Manufacturing jobs are good jobs. The facts are clear. Manufacturing jobs are more likely to be full time. They are more likely to have good benefits. And they pay about 12% percent more than other jobs.
That’s the kind of economic security that has built our country over the course of many generations. Today, our goal is to foster a renaissance in American manufacturing.
President Obama gets it. Our tax code is broken. The US has one of the highest statutory corporate tax rates in the world. We haven't changed it since the 1980s. So President Obama proposed lowering the effective tax rate on manufacturers to 25 percent.
That will help us keep and attract more investments here in the U.S. We want more manufacturing facilities to be built here, and we want more jobs to come and stay here.
This is something that Republicans and Democrats in Congress should be able to agree on.
But the topic I want to focus on today is exports. This week, we celebrated the second anniversary of the National Export Initiative. Made in America is stronger than ever.
Over the past two years, U.S. exports increased by one-third. In 2011, we hit an all-time record of $2.1 trillion in U.S. exports.
The best news came on Monday. We released data showing that, from 2009 to 2011, export-supported jobs increased by 1.2 million.
Perhaps more than any city in America, Miami knows the power of exports. The Miami area shows the largest annual trade surplus of any Customs District in the U.S. Miami exports about one-and-a-half times the value of what it imports.
At the Commerce Department, we are helping Miami-area manufacturers continue to increase exports, keep jobs, and create even more. That includes this company, where 100 people work.
Orders for Pavilion’s pool and patio furniture slowed down in the Recession, so the company reached out to the Commerce Department. They met with our foreign commercial service officers who are helping them enter new markets like the Dominican Republic and China.
We need to make sure that even more American businesses can start or increase exports. We are doing just that. I’m very pleased to say that the U.S.-Korea trade agreement is now in effect.
Korea is the world’s 12th-largest economy. Under the new agreement, about 80 percent of Korea’s tariffs on U.S. industrial products are now dropping to zero. Nothing.
This is America’s most significant trade agreement in nearly two decades. It is estimated to increase U.S. exports by about $11 billion, supporting tens of thousands of American jobs.
In addition, I should note that the Colombia and Panama agreements have also been signed. I know that Pavilion–for example–is working to export to Panama where furniture tariffs will drop to zero in coming years.
This is great news for American businesses, but we can’t let up. We can’t rest on our laurels.
For example, we need to build on the fact that over 1,000 businesses have been on trade missions over the past two years. I’m pleased to say that I will personally be leading an infrastructure-focused mission to India in a week.

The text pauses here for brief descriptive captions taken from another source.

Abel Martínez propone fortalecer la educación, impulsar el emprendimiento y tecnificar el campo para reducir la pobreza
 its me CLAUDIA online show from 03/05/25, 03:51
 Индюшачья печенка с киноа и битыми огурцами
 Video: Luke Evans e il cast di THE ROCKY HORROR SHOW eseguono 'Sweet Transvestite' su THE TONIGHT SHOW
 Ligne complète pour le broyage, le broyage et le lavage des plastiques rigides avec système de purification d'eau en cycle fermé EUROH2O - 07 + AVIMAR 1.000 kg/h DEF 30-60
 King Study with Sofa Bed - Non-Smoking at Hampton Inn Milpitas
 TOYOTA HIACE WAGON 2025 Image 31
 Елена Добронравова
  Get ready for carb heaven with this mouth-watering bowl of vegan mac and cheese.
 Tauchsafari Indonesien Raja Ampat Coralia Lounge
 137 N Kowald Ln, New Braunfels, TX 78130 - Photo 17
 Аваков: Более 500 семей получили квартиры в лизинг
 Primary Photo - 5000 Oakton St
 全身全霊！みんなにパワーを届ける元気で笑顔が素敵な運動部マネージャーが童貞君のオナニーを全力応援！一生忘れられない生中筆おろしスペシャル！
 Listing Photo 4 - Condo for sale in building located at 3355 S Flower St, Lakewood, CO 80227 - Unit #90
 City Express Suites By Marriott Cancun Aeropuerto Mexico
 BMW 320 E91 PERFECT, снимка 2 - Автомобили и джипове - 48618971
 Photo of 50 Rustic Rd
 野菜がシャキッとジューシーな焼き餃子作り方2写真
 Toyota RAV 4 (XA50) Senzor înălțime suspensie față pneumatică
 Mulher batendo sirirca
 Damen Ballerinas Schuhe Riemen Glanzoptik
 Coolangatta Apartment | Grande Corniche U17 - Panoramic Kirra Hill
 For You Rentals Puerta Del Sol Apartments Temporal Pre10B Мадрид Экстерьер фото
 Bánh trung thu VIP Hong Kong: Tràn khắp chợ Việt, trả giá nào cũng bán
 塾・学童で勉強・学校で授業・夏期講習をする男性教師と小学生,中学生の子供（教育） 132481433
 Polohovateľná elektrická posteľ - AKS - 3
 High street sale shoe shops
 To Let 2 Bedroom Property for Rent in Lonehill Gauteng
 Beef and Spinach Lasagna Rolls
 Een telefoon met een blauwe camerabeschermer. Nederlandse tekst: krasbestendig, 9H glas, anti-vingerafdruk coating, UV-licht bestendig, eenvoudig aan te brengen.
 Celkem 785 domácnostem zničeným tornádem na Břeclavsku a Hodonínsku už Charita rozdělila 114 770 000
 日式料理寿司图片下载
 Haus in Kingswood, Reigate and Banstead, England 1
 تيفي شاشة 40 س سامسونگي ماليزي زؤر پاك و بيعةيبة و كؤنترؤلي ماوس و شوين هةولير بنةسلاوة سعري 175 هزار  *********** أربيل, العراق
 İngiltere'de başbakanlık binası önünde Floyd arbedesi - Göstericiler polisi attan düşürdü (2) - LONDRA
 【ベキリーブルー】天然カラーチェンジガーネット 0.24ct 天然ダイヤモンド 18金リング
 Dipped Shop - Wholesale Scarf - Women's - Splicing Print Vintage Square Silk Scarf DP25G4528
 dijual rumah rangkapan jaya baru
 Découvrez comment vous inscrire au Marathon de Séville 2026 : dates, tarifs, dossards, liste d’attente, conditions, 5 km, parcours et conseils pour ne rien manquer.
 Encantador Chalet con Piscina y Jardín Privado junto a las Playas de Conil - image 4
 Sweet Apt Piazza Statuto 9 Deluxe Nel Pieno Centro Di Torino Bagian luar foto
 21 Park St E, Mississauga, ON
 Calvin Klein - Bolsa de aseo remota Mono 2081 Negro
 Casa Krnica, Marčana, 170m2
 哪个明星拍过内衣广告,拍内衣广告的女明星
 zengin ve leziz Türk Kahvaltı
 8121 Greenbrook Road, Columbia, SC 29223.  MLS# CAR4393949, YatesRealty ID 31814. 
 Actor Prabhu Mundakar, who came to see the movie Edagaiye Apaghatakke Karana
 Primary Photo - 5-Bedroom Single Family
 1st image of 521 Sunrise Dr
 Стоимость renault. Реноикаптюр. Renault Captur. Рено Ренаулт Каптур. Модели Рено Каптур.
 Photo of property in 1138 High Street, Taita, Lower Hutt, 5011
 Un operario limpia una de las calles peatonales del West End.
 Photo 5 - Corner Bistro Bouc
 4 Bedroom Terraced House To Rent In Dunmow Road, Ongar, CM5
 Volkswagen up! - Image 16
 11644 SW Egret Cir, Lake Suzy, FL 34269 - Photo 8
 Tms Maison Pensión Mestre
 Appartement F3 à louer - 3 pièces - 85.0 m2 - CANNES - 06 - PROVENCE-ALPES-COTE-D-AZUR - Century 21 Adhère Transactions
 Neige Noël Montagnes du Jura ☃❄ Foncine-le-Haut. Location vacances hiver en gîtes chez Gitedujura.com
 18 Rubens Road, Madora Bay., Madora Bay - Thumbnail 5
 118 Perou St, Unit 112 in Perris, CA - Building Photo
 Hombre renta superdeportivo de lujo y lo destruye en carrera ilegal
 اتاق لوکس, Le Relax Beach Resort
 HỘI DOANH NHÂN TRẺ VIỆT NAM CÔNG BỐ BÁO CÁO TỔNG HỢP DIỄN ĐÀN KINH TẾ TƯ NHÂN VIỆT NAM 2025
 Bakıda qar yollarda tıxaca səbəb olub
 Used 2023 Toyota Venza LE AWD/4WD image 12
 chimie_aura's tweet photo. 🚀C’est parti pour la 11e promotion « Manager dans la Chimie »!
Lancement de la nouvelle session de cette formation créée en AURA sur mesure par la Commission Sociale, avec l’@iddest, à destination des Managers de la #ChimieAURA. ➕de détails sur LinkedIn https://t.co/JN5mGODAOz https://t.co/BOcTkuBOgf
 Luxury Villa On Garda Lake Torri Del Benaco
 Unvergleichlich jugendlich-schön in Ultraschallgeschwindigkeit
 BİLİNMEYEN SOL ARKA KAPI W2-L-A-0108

I’ll close by saying that some of the metal parts and manufacturing equipment here at Pavilion reminded of a story about Andrew Carnegie, who built the American steel industry.
One day he got a telegram from a plant foreman saying they had broken all production records the previous day.
Carnegie’s response was simple. “What about today?”
That’s the attitude that all of us need to have as we work together to build on the momentum in American manufacturing and exporting. Let’s continue to help businesses find more opportunities. Let’s remove the barriers that get in their way. And let’s help them do what they do best–strengthen our economy and create good jobs.